Short descriptive text snippets:

____________

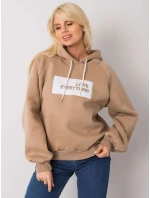 Mikina EM BL 651/2.41X tmavě lila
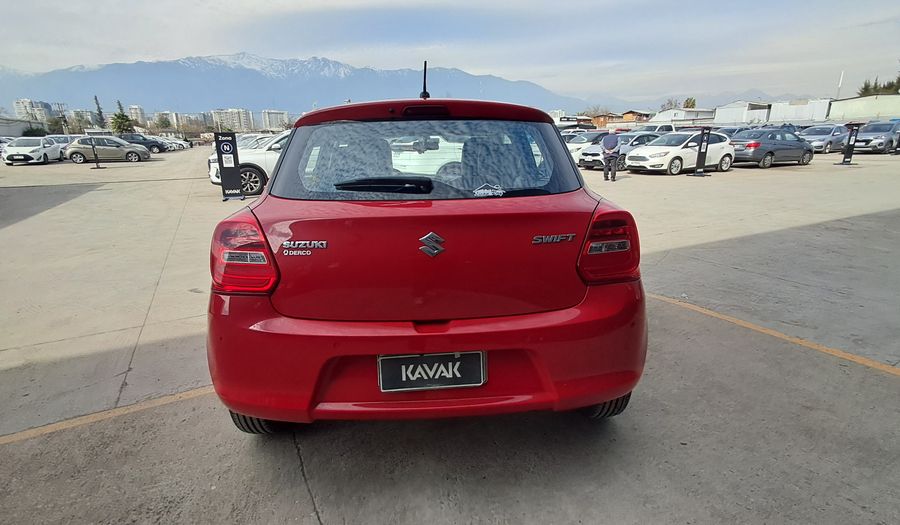 Suzuki Swift 1.2 GL SPORT Hatchback 2023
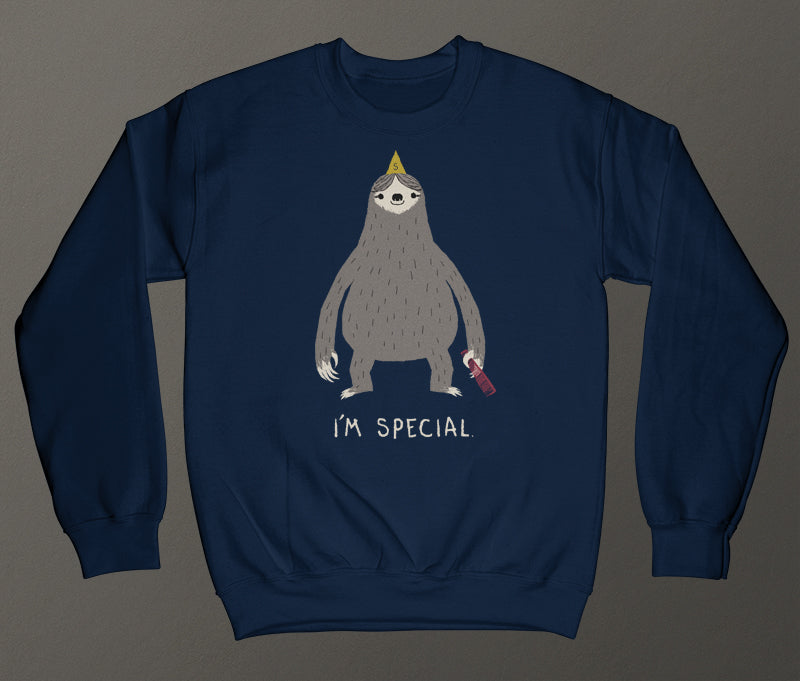 im special
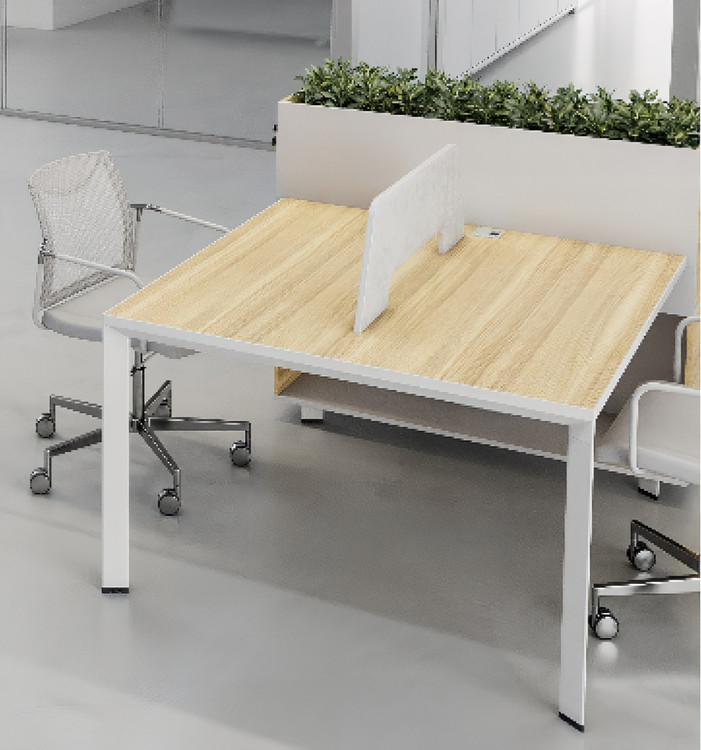 ست میز کار گروهی کد 028B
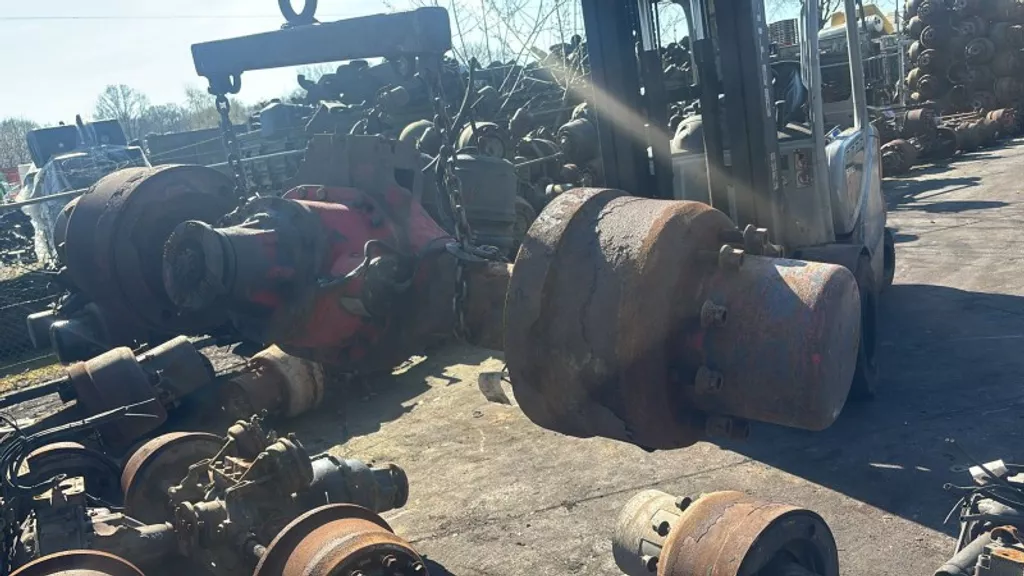 Ginaf SISU 130607 RATIO 1.18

____________

- **Your task**
Give back exactly the lines from the one with "Suzuki Swift 1.2 GL SPORT Hatchback 2023" through the end of the records above, inclusive, and omit any pictures.

- **Reply**
 Suzuki Swift 1.2 GL SPORT Hatchback 2023
 im special
 ست میز کار گروهی کد 028B
 Ginaf SISU 130607 RATIO 1.18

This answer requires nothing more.